Rejection sucks, and a late congratulations to the wonderful Colin Firth

So, I think I'm really back this time. I ended up with strep on top of an already unpleasant recovery, but thats actually a good thing because that means there's an answer to why I was feeling so crappy and then they gave me a shot (that was fun, let me tell you) and now I feel much better. Hopefully the upswing will keep upswinging this time.

Anyway, it's been another heavy rejection week, and I have been telling myself for years now that I'm good at rejection and that I've learned to take it like water off a ducks back, and I think relatively I probably do handle it okay, but my rejection/acceptance ratio is really starting to make me feel like a hack. I think everyone goes through that though, and the thing is to just keep submitting and writing, which I will do of course.

But the thing is, how do you really know you aren't just lousy? I'm serious when I ask that question. Sure your family and roommates will say its good, but how do you know editors aren't laughing at your short story and using it to line their garbage cans? Again, serious question.
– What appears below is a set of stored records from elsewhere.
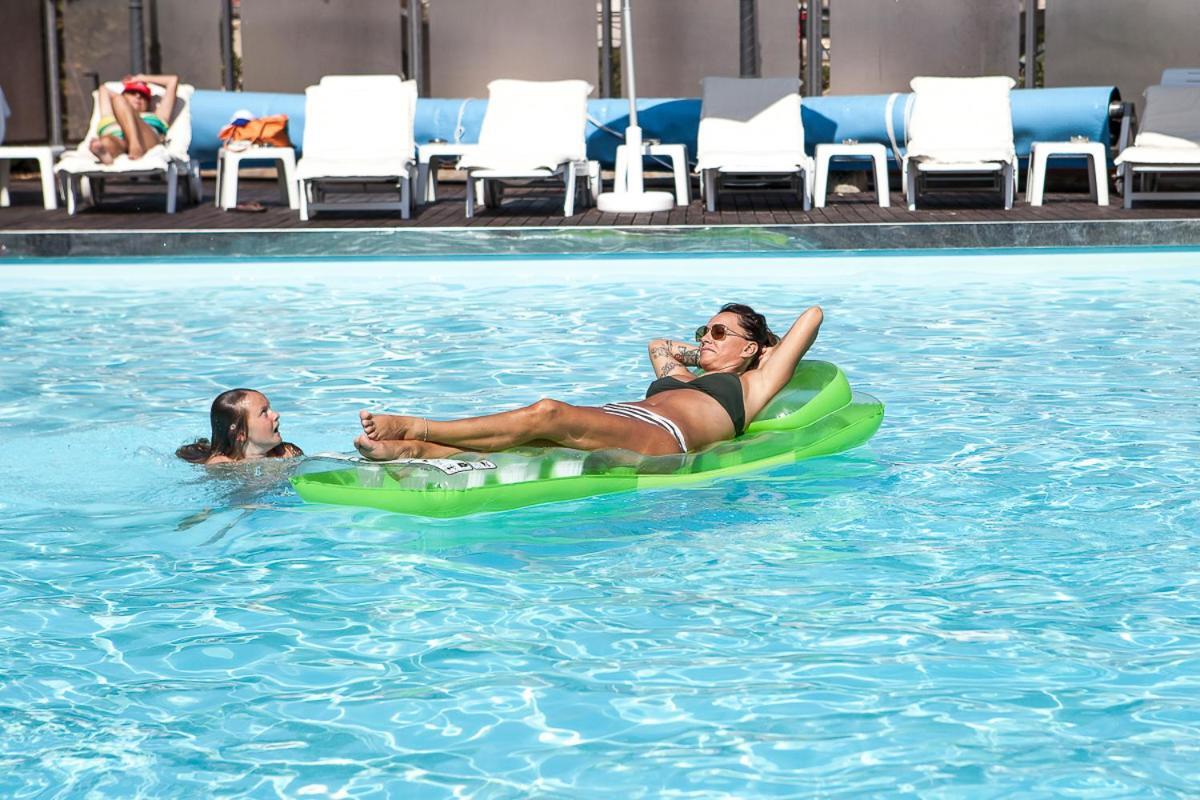 Hotel Nettuno チェルヴィア エクステリア 写真
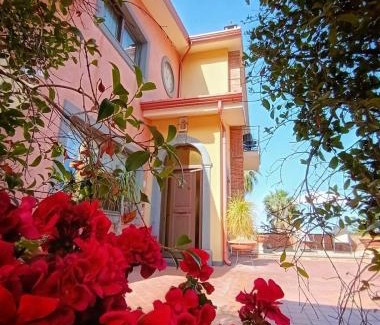 Zafferana Etnea Cama Y Desayuno | Villa Hirschen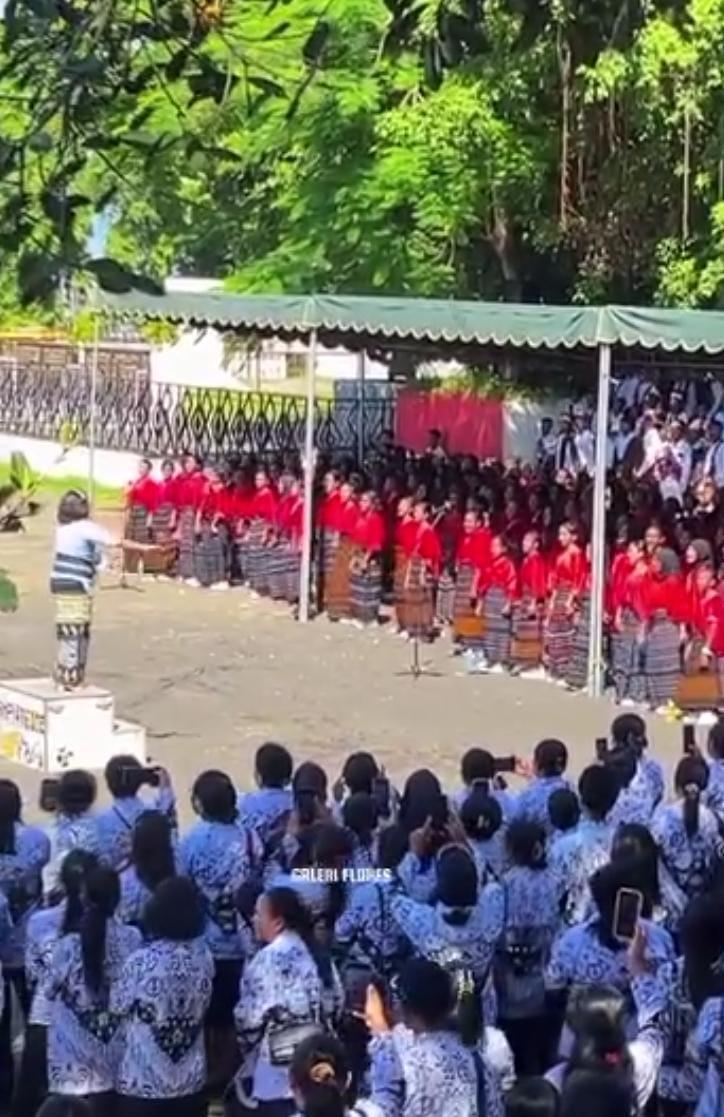 SMPN 1 Ende Rayakan Hari PGRI dan Hari Guru Nasional, Penampilan Tabola Bale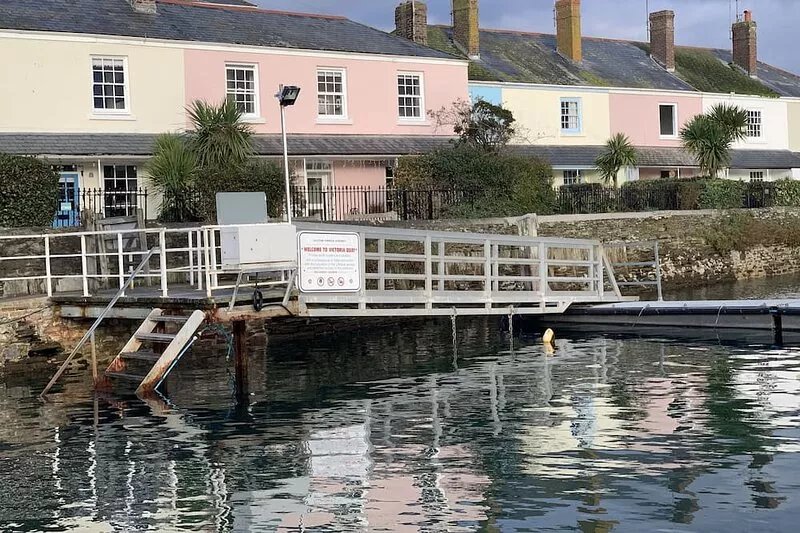 Pink House, Salcombe, Waterfront Location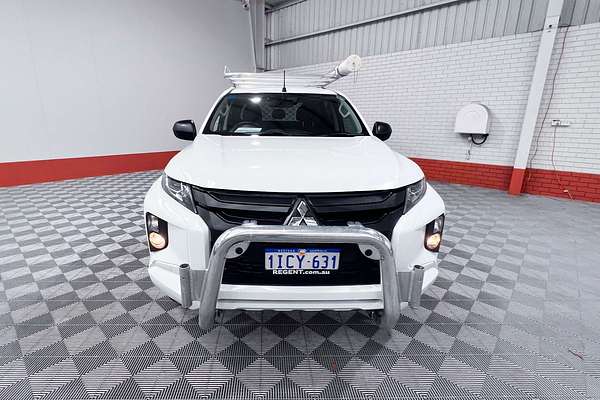 2022 Mitsubishi Triton GLX MR 4X4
Whats the check? Is it the number of rejections? I'm good until like, forty or more. The thing is, the rejections I've gotten this week are from Poetry, Hunger Mountain and Boulevard, which are all pretty lofty and prestigious magazines. Maybe I'm just not good enough for those ones. But I still want to submit to the top notch ones, because its all subjective and you never know.

This isn't an unusual feeling for writers, is it? I'm pretty sure I just have to keep doing what I'm doing and that it will happen eventually. Meanwhile I'm working on more short stories and still thinking about changing my big WIP, though like always I'm having issues going from characters and scenario to plot, which I want to discuss in a near future post.

And also, belated congratulations to Colin Firth for his win at the Academy Awards. He is absolutely amazing, talented, and incredibly, incredibly sexy. Still.

Sarah Allen

7 comments:

Sheila Siler said...

Don't be discouraged - keep putting out those submissions. Do you belong to a critique group? Mine is a great help to me. You can do it!

Amy said...

Yes, I was so pleased to see that Colin Firth won! Definitely keep submitting even to those more prestigious magazines, because all it takes is the right person looking through the submissions at the right time, and anything can happen!

This might not be possible if you live alone, but is there any way that you could get someone else in your house to open the letters and throw them away if they are rejections? That way, instead of sifting through rejection after rejection, you can just keep sending off submissions without having to face the rejection. Then, when you do get accepted, the person sorting through the letters can let you know.

Tim King said...

Hi, Sarah. Rejection always sucks. They say you have to develop a thick skin, but I think that's a myth. The best I've been able to manage is to behave as graciously as I can manage before I slink home and dig into the Häagen-Dazs.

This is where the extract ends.